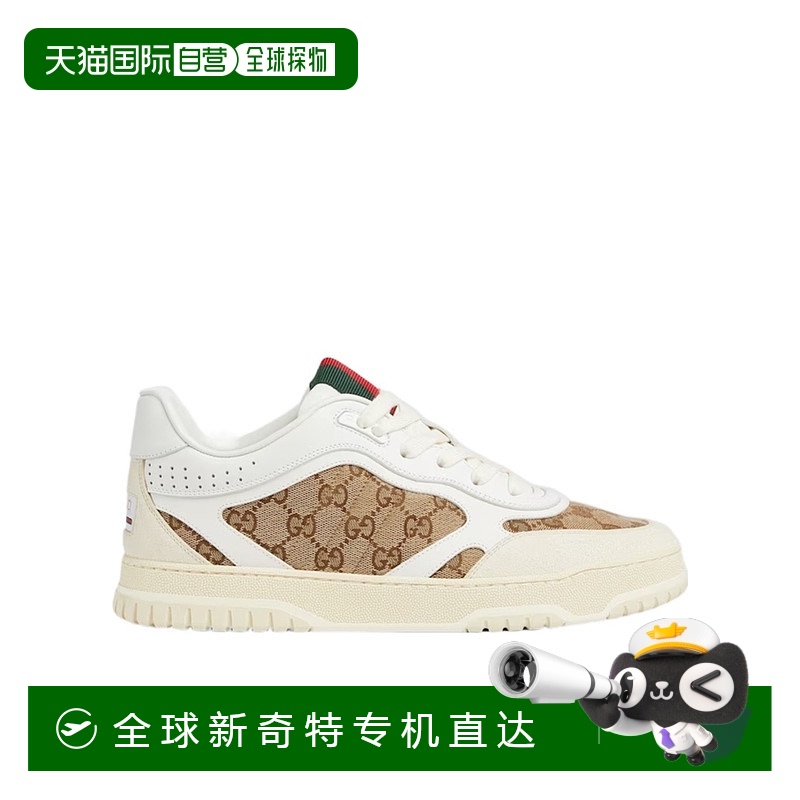 香港直邮RE-WEB 系带休闲运动鞋 Men crov古驰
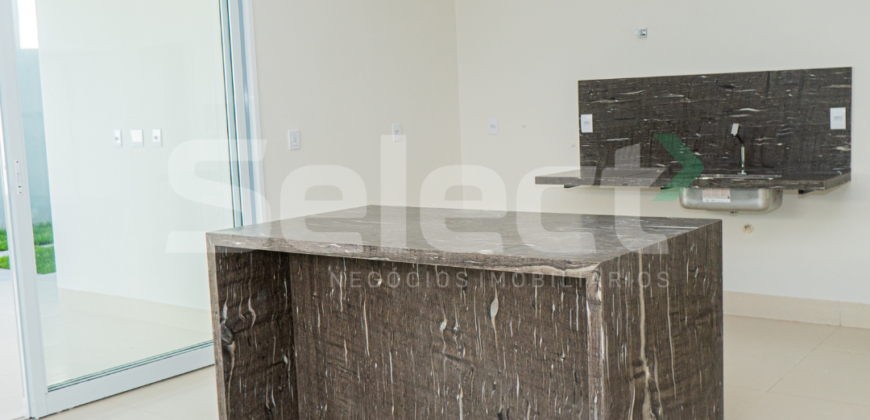 Casa em condomínio fechado no Ibituruna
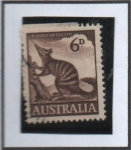 Stamps Australia -  Oso hormiguero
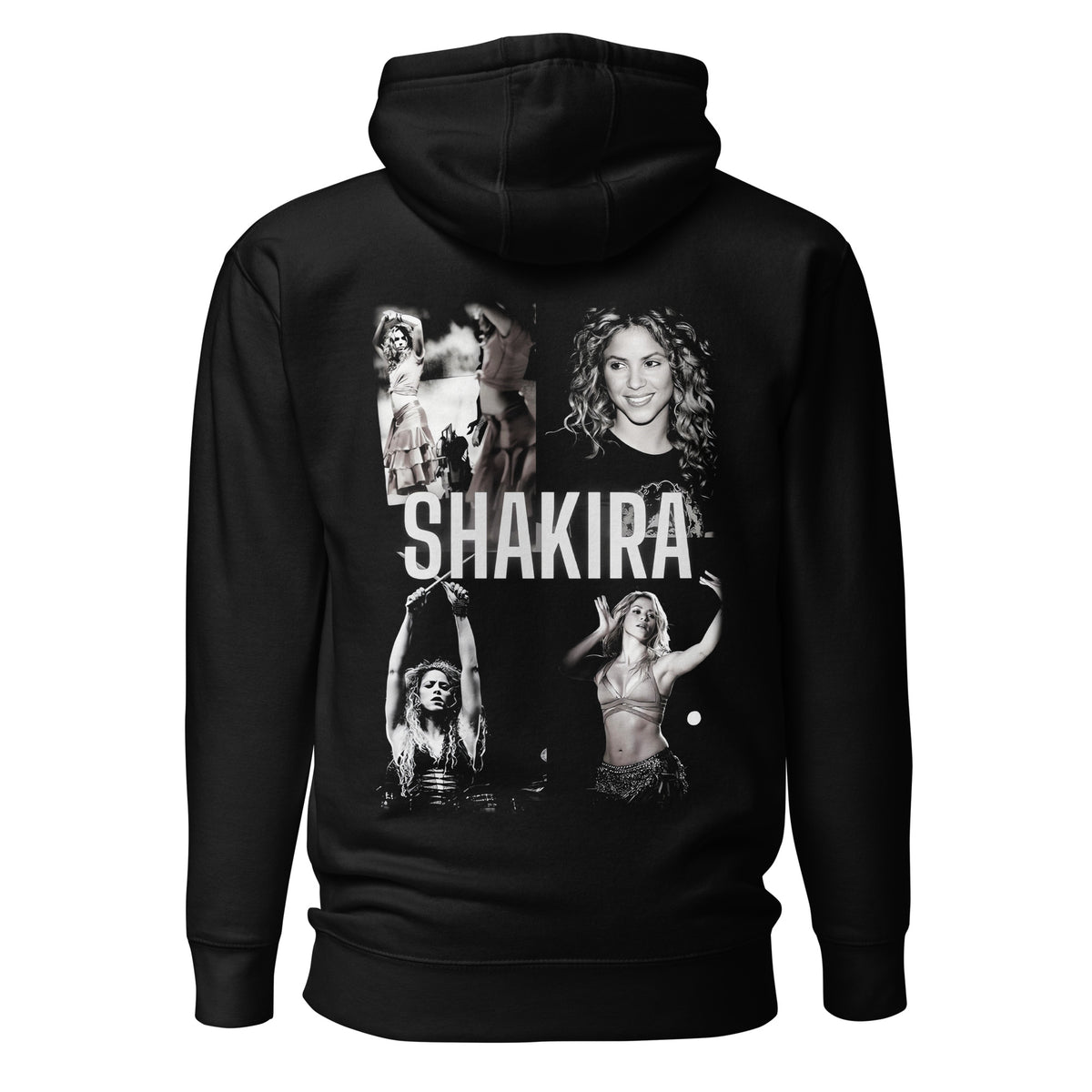Shakira Time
====
**Your assignment:**
Pictures stay out; reproduce exactly the lines from the one containing "Casa em condomínio fechado no Ibituruna" through the last line of the listing, both included.

**Worked solution:**
 Casa em condomínio fechado no Ibituruna
 Stamps Australia -  Oso hormiguero
Shakira Time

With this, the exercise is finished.